I remember feeling like a bit of a holdout when I refused to get a cell phone until 2001. My stepmom thwarted me that Christmas when she gave me a brand-new Nokia. "Welcome to the 21st century," she said wryly as I opened it, and then she handed me a prepaid minutes card. I was stuck.
Eric, on the other hand, has managed to quietly outlast all his friends and loved ones who swore they would never be tied to such a stupid thing, and we have respected him for it. Sure, every few months there's some logistical problem that could be solved in 10 seconds if I could just #$%@ing get hold of him, but as far as he's concerned, he's never truly needed one.
While the rest of us were dithering about where everyone else might be, if they maybe wanted to change plans at the last minute, and blah blah blah blah blah, Eric was off blissfully taking three-hour bike rides, immune to anyone else's ideas of what he should be doing. He still drops by places unannounced. He still shows up at times and places agreed upon hours or even days before.
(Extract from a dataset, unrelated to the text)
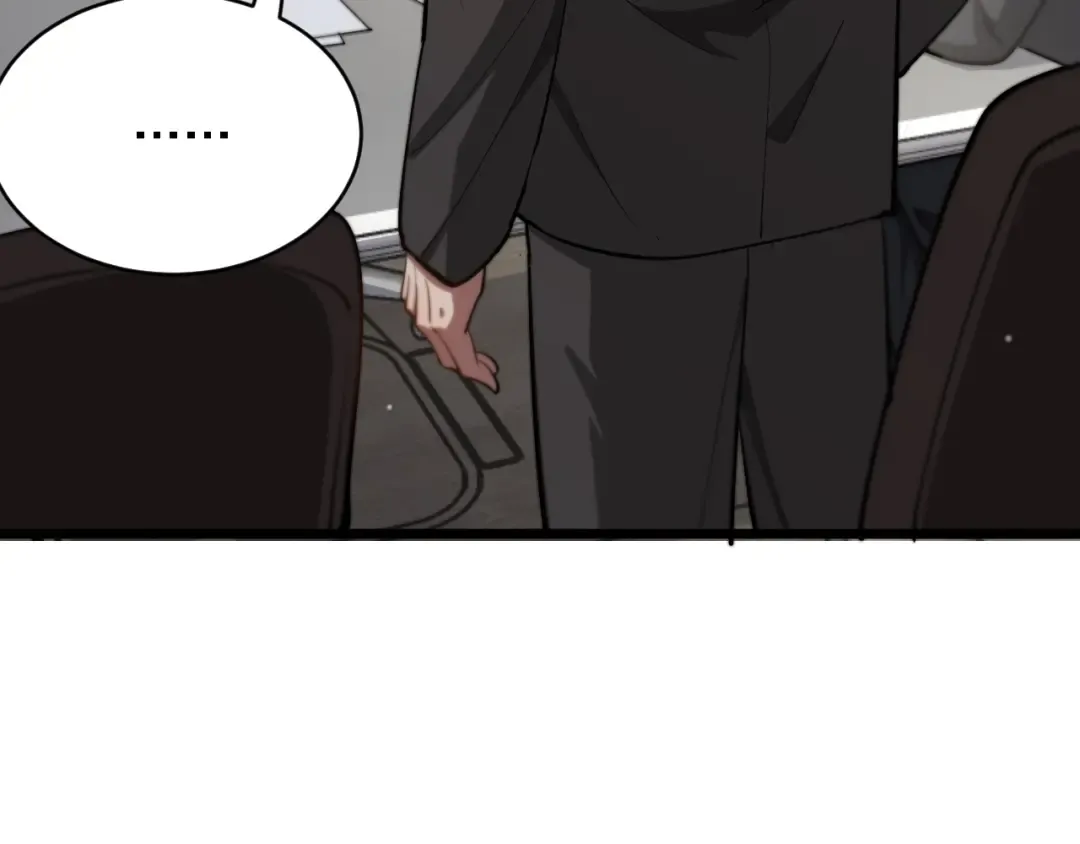第143话 这个男人离大谱 第83页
But last week I pointed out that while we're looking at houses, and especially since I'll be working so much while we're doing it, we should really be able to reach each other if something comes up.
I felt a little regretful during this conversation, like I was asking the last of a species of great, proud beasts to voluntarily crawl into a circus car. But he was amenable, and today he went to one of those Cricket outlets and got the cheapest phone they have.
He swears he's not giving the number to anyone but me and the Realtor, and he says he's canceling the service and donating the phone the second we move. I don't know of a single person who's gotten rid of theirs once they finally succumbed, but if anyone will, it's Eric.